Munas Bali versus Munas Ancol
Oleh : Habsul Nurhadi
(Pernah dimuat oleh Harian BEKASI EKSPRES NEWS, Bekasi, Rabu 10 Desember 2014, halaman 2)
Dalam kurun waktu hanya beberapa hari saja Partai Golkar menggelar dua kali acara Munas ke IX, yakni Munas versi Aburizal Bakrie di Nusa Dua, Bali, pada 30 November 2014 hingga 4 Desember 2014, dan Munas versi Presidium Penyelamat Partai Golkar di Ancol, Jakarta, pada 6-8 Desember 2014. Kedua kubu yang berseteru itu saling klaim bahwa Munas versinya adalah yang paling sah sehingga berhak mendapatkan legitimasi hukum dari pihak pemerintah.
Saling Gugat
Munas Bali selain melanggengkan duo kepemimpinan ARB sebagai Ketua Umum dan Akbar Tanjung sebagai Ketua Dewan Pertimbangan (Wantim), juga menegaskan posisi Partai Golkar sebagai partai penyeimbang pemerintah, dan menyatakan menolak Perppu Nomor 1 Tahun 2014 untuk dijadikan sebagai Undang-Undang. Rentetan ikutannya adalah akan membekukan kepengurusan DPD Partai Golkar tingkat Provinsi dan tingkat Kabupaten/Kota yang terbukti hadir pada acara Munas di Ancol, Jakarta, bahkan memecat para pimpinan dan aktivis Presidium Penyelamat Partai Golkar.
Sebaliknya Munas Partai Golkar di Ancol, Jakarta, selain menyatakan bahwa Munas di Bali adalah ilegal - sehingga kepemimpinan ARB dan Akbar Tanjung yang dihasilkannya adalah tidak sah, juga menyatakan posisi Partai Golkar adalah sebagai partai pendukung pemerintah. Meski ARB dan beberapa pengikutnya sudah mengancam akan memecat kader partai dan akan membekukan kepengurusan partai yang mendukung Munas di Ancol, namun ternyata terbukti banyak juga yang tetap hadir dalam acara Munas Ancol.

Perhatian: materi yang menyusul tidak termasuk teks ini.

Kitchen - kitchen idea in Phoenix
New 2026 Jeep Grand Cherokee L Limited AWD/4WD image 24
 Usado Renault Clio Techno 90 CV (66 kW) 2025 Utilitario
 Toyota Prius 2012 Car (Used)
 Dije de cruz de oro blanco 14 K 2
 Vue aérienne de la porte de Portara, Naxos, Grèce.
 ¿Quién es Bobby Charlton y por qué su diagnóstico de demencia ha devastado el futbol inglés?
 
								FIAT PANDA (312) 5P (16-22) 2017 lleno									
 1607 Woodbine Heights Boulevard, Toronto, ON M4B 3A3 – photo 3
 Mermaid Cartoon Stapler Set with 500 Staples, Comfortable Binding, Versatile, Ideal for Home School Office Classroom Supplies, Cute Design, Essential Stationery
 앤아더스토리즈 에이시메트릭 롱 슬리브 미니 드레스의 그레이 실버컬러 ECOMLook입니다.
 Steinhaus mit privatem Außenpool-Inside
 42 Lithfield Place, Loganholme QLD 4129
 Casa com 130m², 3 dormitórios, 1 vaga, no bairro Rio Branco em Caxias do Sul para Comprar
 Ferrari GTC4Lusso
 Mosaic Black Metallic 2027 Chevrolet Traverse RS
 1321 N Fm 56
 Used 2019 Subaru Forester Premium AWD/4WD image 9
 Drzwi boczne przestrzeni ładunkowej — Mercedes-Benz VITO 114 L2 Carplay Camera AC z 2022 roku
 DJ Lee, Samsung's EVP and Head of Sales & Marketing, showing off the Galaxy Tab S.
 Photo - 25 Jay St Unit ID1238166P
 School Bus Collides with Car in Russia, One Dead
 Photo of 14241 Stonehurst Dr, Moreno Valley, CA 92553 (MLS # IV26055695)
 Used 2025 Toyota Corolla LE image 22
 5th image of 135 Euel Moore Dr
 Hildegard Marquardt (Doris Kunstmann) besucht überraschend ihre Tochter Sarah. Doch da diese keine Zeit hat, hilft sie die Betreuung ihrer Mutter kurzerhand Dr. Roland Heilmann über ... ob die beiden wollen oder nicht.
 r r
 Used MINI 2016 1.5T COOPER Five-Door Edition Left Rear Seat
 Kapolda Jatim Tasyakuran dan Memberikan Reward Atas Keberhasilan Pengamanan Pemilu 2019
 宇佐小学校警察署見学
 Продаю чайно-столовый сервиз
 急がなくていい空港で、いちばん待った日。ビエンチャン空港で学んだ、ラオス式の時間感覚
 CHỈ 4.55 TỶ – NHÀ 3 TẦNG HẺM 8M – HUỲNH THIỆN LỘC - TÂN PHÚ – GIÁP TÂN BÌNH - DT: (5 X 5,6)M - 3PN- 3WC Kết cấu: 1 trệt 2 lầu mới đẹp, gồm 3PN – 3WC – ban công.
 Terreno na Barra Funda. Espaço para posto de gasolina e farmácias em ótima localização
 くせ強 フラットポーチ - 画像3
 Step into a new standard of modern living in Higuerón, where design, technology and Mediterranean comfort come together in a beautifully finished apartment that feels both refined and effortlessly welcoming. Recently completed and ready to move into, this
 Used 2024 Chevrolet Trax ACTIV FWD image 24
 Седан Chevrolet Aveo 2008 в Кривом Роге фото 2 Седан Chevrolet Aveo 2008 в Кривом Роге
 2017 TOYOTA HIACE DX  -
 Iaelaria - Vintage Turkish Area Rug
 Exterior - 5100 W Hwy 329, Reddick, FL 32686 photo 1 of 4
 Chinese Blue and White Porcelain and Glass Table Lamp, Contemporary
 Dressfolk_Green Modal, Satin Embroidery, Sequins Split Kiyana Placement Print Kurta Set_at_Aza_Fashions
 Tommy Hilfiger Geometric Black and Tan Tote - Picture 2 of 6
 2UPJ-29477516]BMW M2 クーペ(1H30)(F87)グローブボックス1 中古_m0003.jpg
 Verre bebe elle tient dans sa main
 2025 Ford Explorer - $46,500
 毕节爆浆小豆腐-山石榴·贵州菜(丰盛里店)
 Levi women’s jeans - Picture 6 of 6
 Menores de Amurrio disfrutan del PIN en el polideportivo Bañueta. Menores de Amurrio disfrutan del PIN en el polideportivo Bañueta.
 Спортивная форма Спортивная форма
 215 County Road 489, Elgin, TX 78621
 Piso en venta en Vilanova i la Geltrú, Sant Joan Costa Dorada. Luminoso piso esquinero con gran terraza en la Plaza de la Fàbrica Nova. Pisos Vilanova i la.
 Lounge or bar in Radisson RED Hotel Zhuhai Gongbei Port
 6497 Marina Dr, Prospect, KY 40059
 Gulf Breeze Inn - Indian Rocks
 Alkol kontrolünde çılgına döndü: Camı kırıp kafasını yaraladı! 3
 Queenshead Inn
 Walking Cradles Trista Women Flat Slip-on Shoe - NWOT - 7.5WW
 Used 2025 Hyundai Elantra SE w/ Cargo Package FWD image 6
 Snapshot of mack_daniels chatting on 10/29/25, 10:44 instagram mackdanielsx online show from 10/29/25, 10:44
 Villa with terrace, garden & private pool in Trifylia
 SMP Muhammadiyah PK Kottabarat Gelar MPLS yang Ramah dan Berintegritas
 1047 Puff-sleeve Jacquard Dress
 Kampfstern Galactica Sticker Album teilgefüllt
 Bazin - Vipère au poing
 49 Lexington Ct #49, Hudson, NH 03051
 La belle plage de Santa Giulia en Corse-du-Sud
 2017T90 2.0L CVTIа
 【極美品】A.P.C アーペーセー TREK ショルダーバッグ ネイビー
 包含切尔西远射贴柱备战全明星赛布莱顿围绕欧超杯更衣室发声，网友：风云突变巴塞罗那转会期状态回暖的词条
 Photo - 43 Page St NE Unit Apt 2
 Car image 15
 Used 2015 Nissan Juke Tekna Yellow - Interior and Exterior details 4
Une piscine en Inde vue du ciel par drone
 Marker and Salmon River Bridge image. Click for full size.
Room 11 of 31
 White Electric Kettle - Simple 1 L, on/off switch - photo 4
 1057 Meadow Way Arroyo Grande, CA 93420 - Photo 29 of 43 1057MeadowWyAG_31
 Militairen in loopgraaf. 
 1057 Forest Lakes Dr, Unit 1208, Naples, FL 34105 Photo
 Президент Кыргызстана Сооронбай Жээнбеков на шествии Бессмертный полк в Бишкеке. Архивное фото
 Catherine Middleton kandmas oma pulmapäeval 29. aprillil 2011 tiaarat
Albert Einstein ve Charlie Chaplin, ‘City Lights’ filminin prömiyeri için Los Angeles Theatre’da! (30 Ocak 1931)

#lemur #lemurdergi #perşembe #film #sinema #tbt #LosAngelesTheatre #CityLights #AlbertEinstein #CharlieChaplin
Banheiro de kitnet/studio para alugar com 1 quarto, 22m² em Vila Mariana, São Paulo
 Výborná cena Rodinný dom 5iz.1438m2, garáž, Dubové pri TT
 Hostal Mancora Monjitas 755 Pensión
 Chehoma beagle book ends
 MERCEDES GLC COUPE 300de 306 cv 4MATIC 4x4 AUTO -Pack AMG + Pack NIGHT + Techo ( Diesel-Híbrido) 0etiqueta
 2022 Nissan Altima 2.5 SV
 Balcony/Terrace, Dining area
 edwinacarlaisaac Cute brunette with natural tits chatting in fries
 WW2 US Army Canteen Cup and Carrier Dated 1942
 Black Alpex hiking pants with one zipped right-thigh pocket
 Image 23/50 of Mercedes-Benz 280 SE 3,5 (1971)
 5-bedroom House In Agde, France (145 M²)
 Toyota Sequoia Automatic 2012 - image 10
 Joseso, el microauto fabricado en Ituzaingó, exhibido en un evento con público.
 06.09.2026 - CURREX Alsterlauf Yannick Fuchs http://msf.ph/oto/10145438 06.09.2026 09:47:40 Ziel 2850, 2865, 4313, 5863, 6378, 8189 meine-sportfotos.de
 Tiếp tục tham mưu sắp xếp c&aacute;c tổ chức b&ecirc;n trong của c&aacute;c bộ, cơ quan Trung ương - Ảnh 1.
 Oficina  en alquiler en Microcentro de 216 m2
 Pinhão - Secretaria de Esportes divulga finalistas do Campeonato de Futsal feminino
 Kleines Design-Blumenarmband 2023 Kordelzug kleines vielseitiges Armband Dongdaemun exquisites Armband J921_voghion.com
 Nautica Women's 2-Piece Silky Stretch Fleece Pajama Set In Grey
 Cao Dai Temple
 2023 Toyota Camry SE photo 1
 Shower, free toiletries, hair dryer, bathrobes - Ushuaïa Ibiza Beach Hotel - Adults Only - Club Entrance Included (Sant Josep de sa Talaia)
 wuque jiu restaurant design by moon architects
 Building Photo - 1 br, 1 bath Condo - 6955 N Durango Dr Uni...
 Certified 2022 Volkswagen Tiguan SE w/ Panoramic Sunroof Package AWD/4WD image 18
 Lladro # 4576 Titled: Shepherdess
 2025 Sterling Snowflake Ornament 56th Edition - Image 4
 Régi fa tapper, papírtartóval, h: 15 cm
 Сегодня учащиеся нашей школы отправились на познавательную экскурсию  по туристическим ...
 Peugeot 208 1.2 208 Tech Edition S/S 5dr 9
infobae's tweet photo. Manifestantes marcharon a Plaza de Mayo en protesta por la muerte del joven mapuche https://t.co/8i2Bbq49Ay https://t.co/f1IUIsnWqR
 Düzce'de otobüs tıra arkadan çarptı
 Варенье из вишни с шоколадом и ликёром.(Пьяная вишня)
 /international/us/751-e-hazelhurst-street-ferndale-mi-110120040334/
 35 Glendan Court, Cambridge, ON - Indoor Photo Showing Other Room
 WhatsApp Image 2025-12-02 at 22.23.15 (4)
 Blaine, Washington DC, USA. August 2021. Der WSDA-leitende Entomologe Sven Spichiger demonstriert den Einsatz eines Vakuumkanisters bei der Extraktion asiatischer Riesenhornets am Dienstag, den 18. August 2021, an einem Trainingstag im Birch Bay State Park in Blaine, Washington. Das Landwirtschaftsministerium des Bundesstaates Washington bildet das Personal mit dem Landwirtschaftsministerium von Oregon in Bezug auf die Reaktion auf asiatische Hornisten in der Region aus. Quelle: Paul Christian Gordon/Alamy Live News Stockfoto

Kebanyakan yang hadir pada acara Munas di Ancol adalah mereka yang menghendaki para elite pimpinan Partai Golkar yang sedang saling berseteru ini agar saling bersatu untuk menyelamatkan Partai Golkar dari bahaya perpecahan dan keterpurukan lebih lanjut. Mereka kebanyakan menginginkan agar para elite pimpinan Partai Golkar itu tidak saling arogan dengan mudah mengancam pemecatan dan pembekuan, dengan tanpa bersedia mendengarkan suara aspirasi dari bawah demi kemajuan dan kejayaan Partai Golkar.
Nuansa Dendam Pribadi
Jika nuansa pecat-memecat ini benar dilakukan, bukan tidak mungkin yang terjadi kemudian Partai Golkar justru akan semakin terpuruk, lantaran para elite pimpinannya terkesan memendam rasa saling dendam antara satu dengan lainnya, sehingga para anggota di akar rumput yang justru akan menjadi korbannya.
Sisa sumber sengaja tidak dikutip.